Viagem pelo Atlântico relembra pessoas escravizadas entre Brasil e Angola
“A Grande Travessia” é um projeto inédito sobre retomar a antiga rota marítima de tráfico de africanos vendidos como escravos

Mais de 2 mil pessoas vão cruzar o Atlântico a bordo de um navio, em dezembro deste ano, numa viagem que pretende refazer a rota do tráfico de pessoas escravizadas e promover a reflexão sobre a escravatura.
O projeto “A Grande Travessia” pretende fretar um navio de cruzeiro, com partida de Santos, parando no Rio de Janeiro e Salvador, antes de seguir rumo a Luanda, capital de Angola.

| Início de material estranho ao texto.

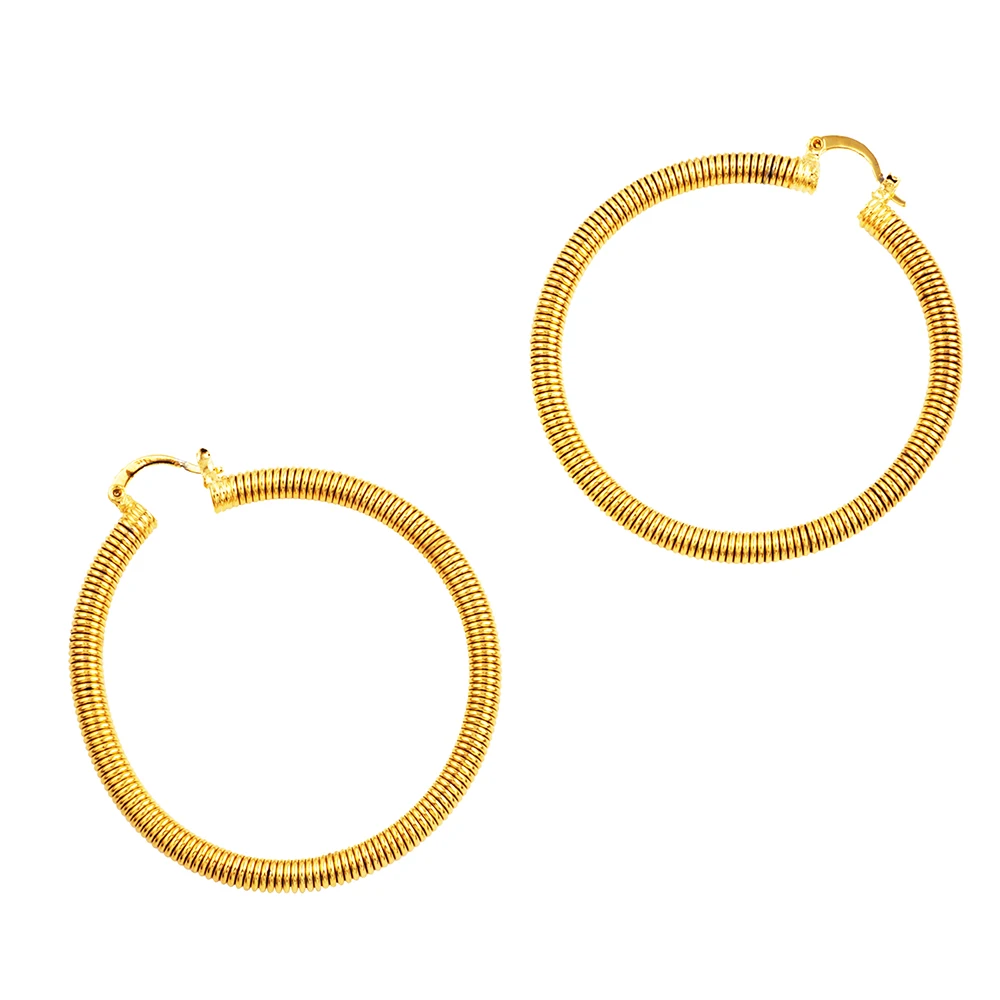 Ethlyn  Big Gold Hoop Earrings ethiopia Jewelry Trendy Fashion Pattern Circle Inverted mold Earrings For Women Jewelry E039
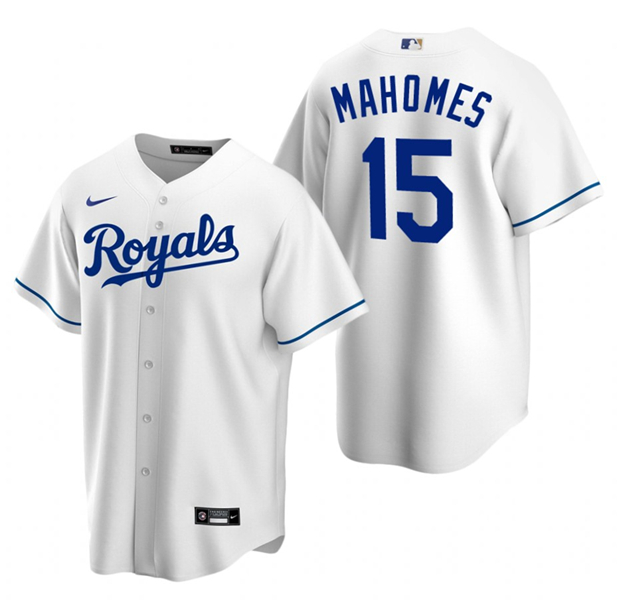 Men's Kansas City Royals #15 Patrick Mahomes White Cool Base Stitched Jersey Men's Kansas City Royals #15 Patrick Mahomes White Cool Base Stitched Jersey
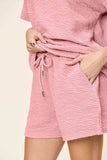 Double Take Full Size Texture Short Sleeve T-Shirt and Drawstring Shorts Set - Trendsi - Flyclothing LLC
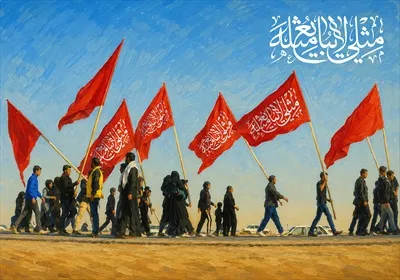 عکس پوستر گرافیکی پیاده‌روی اربعین: نمادی از عشق و ارادت به امام حسین (ع)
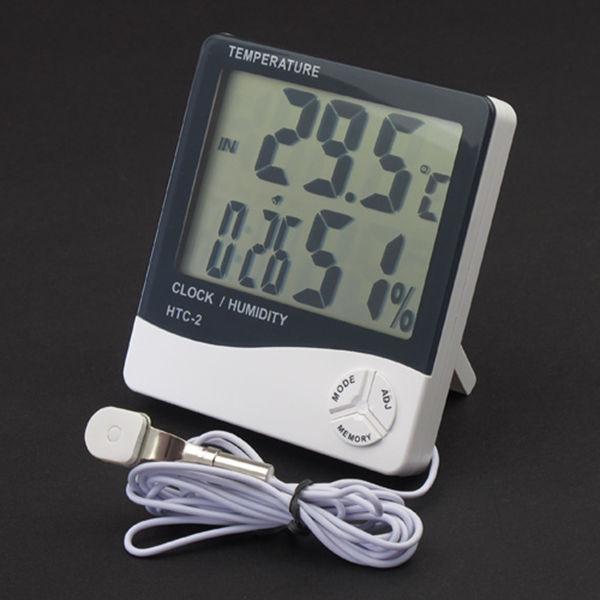 Digital LCD Thermometer Hygrometer Electronic Temperature Humidity Meter Weather Station Indoor Outdoor mositure Tester Alarm Clock HTC-2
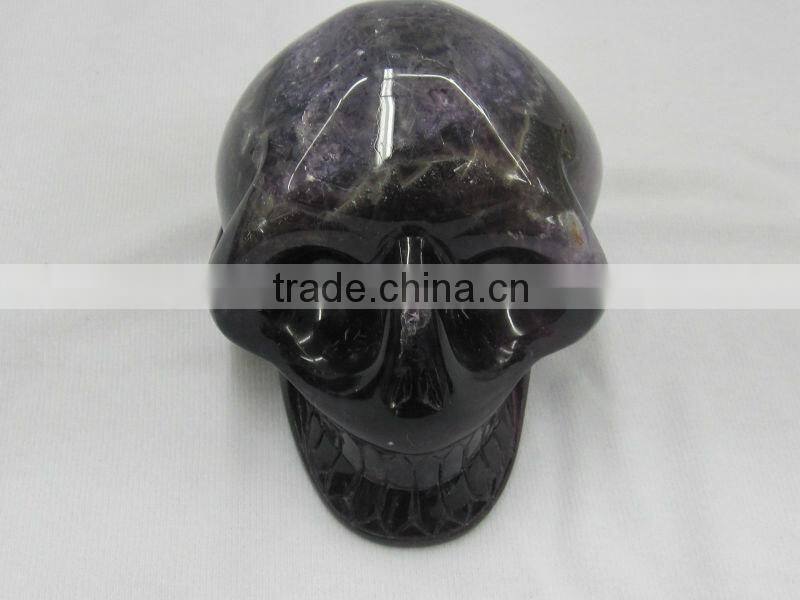 wholesale Dark Color Rose Quartz carved Skull in Art & Collectible
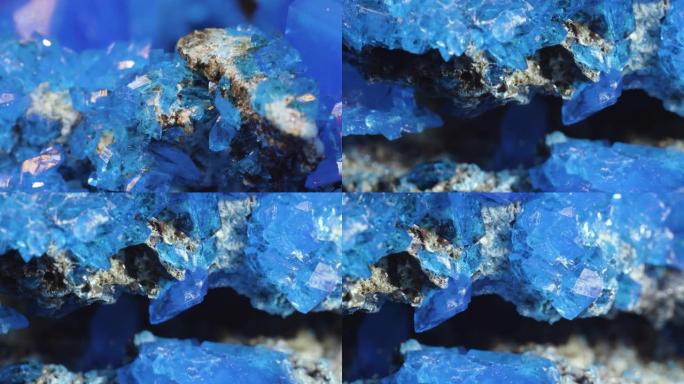 蓝色钴水晶特写镜头。从地下开采的灿烂矿物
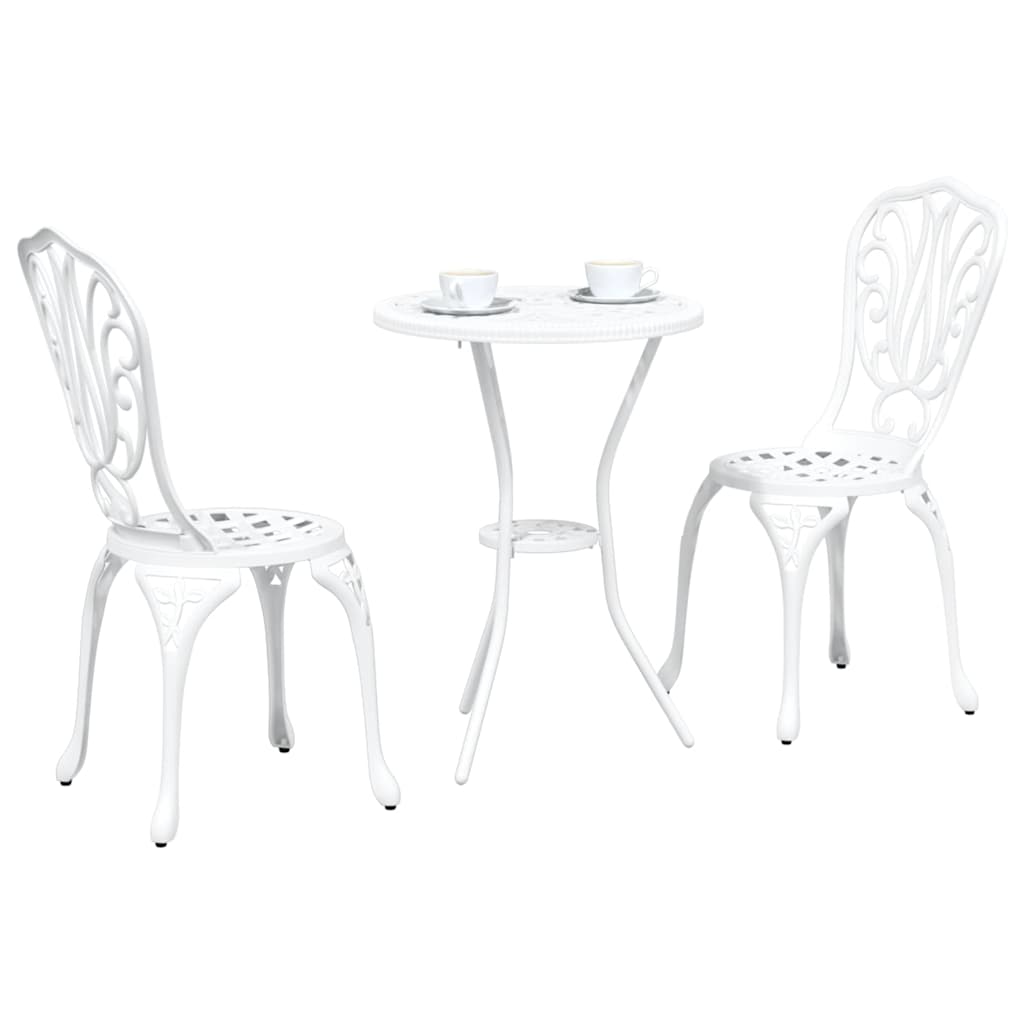 Kert Bistro Készlet 3 pcs Fehér Alumínium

Viagem altamente simbólica
Dagoberto José Fonseca, antropólogo responsável pelo projeto, afirma que é a primeira vez que uma população que se autoidentifica oriunda de Angola, regressa ao continente africano nessa condição.
Em entrevista à ONU News, no Dia Internacional em Memória das Vítimas da Escravatura e do Comércio Transatlântico de Escravos, o professor da Universidade Estadual Paulista, Unesp, explica que o projeto “visa reconhecer, reparar para seguir memória e história dos nossos, um mundo atlântico em terra firme”.
O grupo escolheu a viagem marítima por ser altamente simbólica em relação ao tráfico de milhões de pessoas escravizadas entre os séculos 15 e 19.
Voltar pelas águas
“Quando nós perdemos algo em nossas casas, nós fazemos o caminho de volta para encontrar o que perdemos. Não há como fazer o caminho de volta, buscar a ancestralidade pelo avião. Nós teremos que voltar pelas águas, porque é pelas águas que os nossos antepassados passaram”, justifica o antropólogo.
Estima-se que cerca 5 milhões de africanos escravizados tenham sido levados para o Brasil, mais do que qualquer outro país. A maioria foi capturada em Angola, na África Ocidental, e deportada em condições desumanas a bordo de navios portugueses.
“As populações que saem do continente africano pelos portos de Angola, do atual território de Angola, são colossais, perto das populações que saem de outros portos do continente africano”, explicou.
Marcas visíveis até hoje
O professor da Unesp garante que as marcas dessa população são visíveis até aos dias de hoje no Brasil, com impacto na identidade nacional, cultura, gastronomia e língua.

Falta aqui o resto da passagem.